Eight years ago, “the DPL” –the Dakota Prison Letters project was a rumor in the local research community: that Dakota people had identified and were in the process of translating a subset of Dakota language letters from the Riggs Papers at MHS, those written by Dakota men imprisoned in the wake of the Dakota War.
A conversation with Dr. Elden Lawerence at Sisseton in the days I was searching for a first-language speaker to translate John B. Renville’s letters confirmed the project was real. But, Elden added, the project had run out of funding and he didn’t know when the translations would be available.
Then last summer, in conversation with John Peacock, I was thrilled to learn that the DPL was not only back on track, it had a publisher, the Minnesota Historical Society Press.
Compared to the decade invested in getting the book to press, with a release date of November, 2012, the DPL book, The Dakota Prisoner of War Letters: Dakota Kaskapi Okicize Wowapi, is almost here.
I am excited that this Sunday, July 15, 2012 at 2:00 PM, at Oak Grove Presbyterian Church in Bloomington, MN, Dr. John Peacock, who made the last level of translation into English and who wrote an introduction to the book, will be overviewing the project for us, focusing on the language and translation process. (For details, see below.)

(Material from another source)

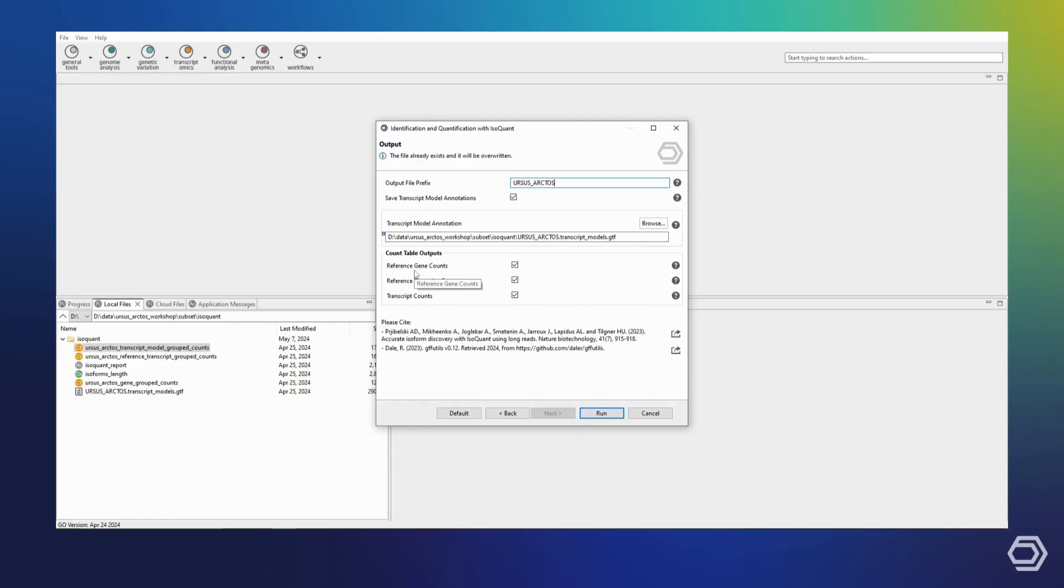While the first two options will include only those genes and isoforms already present in the provided reference, the latter option will include any discovered novel transcripts as well.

Then last Sunday at Lac qui Parle, I was honored to meet Dr. Clifford Canku again and to meet Rev. Michael Simon for the first time. Both men are not only first-language speakers of Dakota who translated the letters in the book, they also are descendants of some of some of the men who wrote them. Their enthusiasm for the Dakota language is contagious and we hope we will be honored to have them join our speakers’ calendar in 2013.
Watch for this book and please join us this Sunday if you can! Here are the details for John Peacock’s appearance:
The Dakota Prisoner of War Letters Sunday, July 15 2:00 pm at Oak Grove Presbyterian Church, 2200 West Old Shakopee Road, Bloomington, MN
In the wake of the Dakota War of 1862, Dakota men imprisoned at Davenport, Iowa wrote letters to relatives in their own language. 150 years later, their voices have been recovered in a book of translations made by two of their descendants, Dr. Clifford Canku and Rev. Michael Simon (MHS Press, Nov 2012) Dr. John Peacock, who wrote the Introduction for the book, will discuss the project. Dr. Peacock is Professor of Native American Studies at the Maryland Institute College of Art, Baltimore, and is an enrolled member of the Spirit Lake Dakota Nation.
This event is sponsored by the Pond Dakota Heritage Society, the Plymouth American Indian Initiative, the Traverse des Sioux Library System, Oak Grove Presbyterian Church, and the Bloomington Historical Society.